“I quit. It’s not me, it’s you,” Hammel wrote in an email to boss Jess Cagle, People editor-in-chief for the past two years.
Hammel details some of her run-ins with celebrities like Jennifer Lopez and George Clooney, and publicists who forced her to “jump through ridiculous hoops.”
But none of that measured up to the grief she suffered at the hands of the magazine, she wrote.
“You people, as it turns out, are worse,” she charged. “Stupidly, we expect loyalty and support from you after years of service.”
She noted that she survived eight rounds of layoffs and the abrupt dismissals of countless colleagues, who were “bitch slapped into oblivion.”
“We are naïve. Despite your nicey nice, glossy and chirpy veneer, some of us think of you more as the Leo DiCaprio of magazines, using up every beautiful model that crosses your path (‘beautiful model’ = ‘award-winning journalist’ in this scenario), discarding them, and pretending you leave no wake behind you.”
“It’s been a wildly dysfunctional 14 years, and you’re an entirely different magazine than when we first got together,” she added.
Hammel also slapped the magazine for endlessly recycling stories about celebrities like Jennifer Aniston, Angelina Jolie and Brad Pitt and the royal family, from Princess Diana to Duchess Kate Middleton.
Princess Diana made 55 cover appearances, followed by Jolie and Pitt, 26 and 29 respectively.
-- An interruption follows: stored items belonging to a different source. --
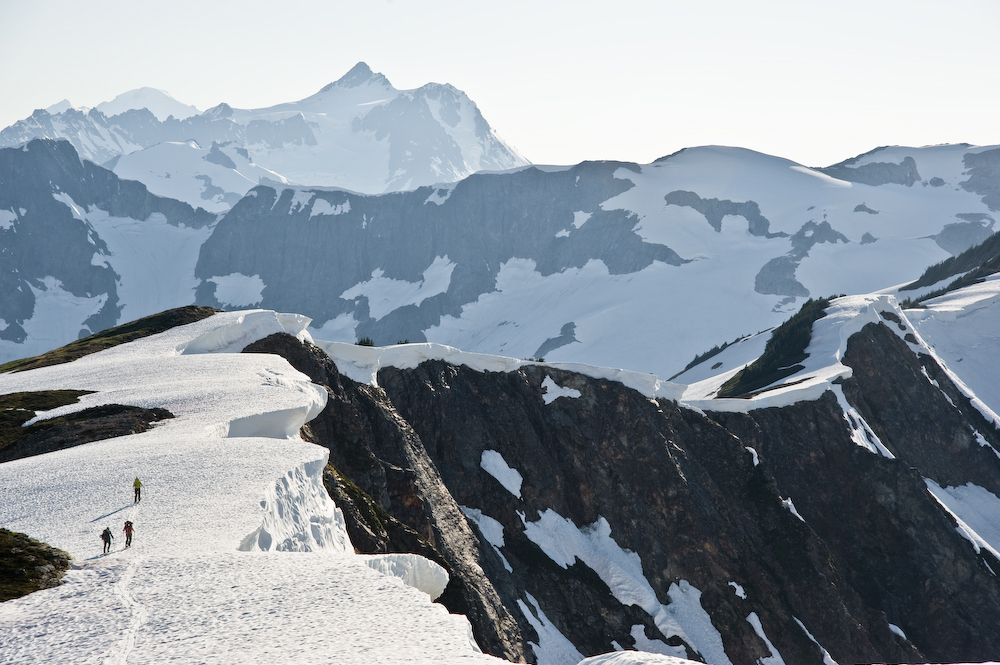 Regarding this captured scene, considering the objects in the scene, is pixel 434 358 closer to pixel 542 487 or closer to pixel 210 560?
pixel 542 487

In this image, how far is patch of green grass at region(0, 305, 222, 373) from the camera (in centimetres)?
5134

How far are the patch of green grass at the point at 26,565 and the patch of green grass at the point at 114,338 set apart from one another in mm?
34214

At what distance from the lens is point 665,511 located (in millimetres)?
62938

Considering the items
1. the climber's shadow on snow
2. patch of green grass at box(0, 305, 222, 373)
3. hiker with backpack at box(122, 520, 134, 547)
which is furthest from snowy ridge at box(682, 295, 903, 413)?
hiker with backpack at box(122, 520, 134, 547)

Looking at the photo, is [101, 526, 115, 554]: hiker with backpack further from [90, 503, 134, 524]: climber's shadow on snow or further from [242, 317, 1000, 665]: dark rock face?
[242, 317, 1000, 665]: dark rock face

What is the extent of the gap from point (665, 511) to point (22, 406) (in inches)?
1863

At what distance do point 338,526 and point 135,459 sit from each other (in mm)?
7749

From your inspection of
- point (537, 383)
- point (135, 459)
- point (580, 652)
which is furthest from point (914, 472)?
point (135, 459)

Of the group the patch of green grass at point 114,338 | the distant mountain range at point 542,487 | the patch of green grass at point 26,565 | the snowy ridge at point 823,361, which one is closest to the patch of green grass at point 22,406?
the distant mountain range at point 542,487

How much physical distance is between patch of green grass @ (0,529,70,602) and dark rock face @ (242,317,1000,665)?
2026 centimetres

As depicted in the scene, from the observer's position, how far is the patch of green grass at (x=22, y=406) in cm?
3197

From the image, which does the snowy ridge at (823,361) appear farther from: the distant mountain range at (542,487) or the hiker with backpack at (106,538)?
the hiker with backpack at (106,538)

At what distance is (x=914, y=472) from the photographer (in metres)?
75.2

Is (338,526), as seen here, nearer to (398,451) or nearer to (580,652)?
(398,451)
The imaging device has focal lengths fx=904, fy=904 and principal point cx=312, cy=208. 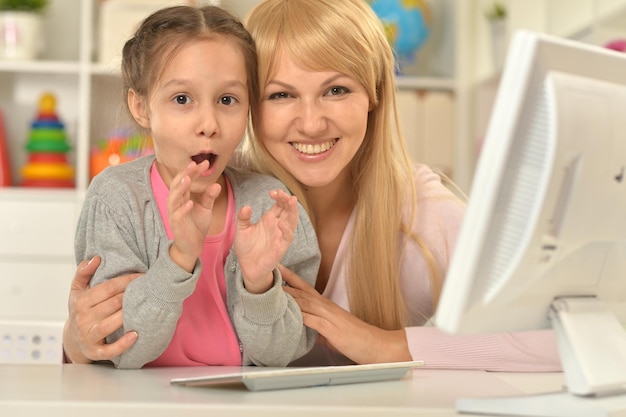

Aniston has appeared 25 times in stories that repeatedly focused on rumored pregnancies.
She writes of her fired colleagues:
I hope, [they] will never give their nights, weekends, relationships and sanity again to keep up with an email chain about whether Jennifer Aniston is pregnant at 47 because of those tummy photos and what kind of mom will she be, when really she just had an extra burrito at lunch; but oh, wait, the rep says it’s just a rumor so there’s no story this week after all.”
Hammel said she worked for the magazine in London, Los Angeles and New York, “covered breaking news in nine countries and dealt with too many celebrities to remember.” Her last interview was with Robert De Niro in April.
The catalyst for her resignation was the magazine’s refusal to promote Hammel’s upcoming teen mystery book, titled “The Underdogs.”
“I’m oddly surprised my tenure here is ending not with explosive hatred stoked by a cold dismissal from an insensate behemoth (i.e. you)—a fate I watched ashen-faced friends and colleagues endure before my eyes during the Los Angeles bureau’s 2008 culling—but with a slow fade-out and a final venting of my gossip-weary spleen.”
Instead, she says, she’s opting for the life of a “freelance writer.” Good luck with that.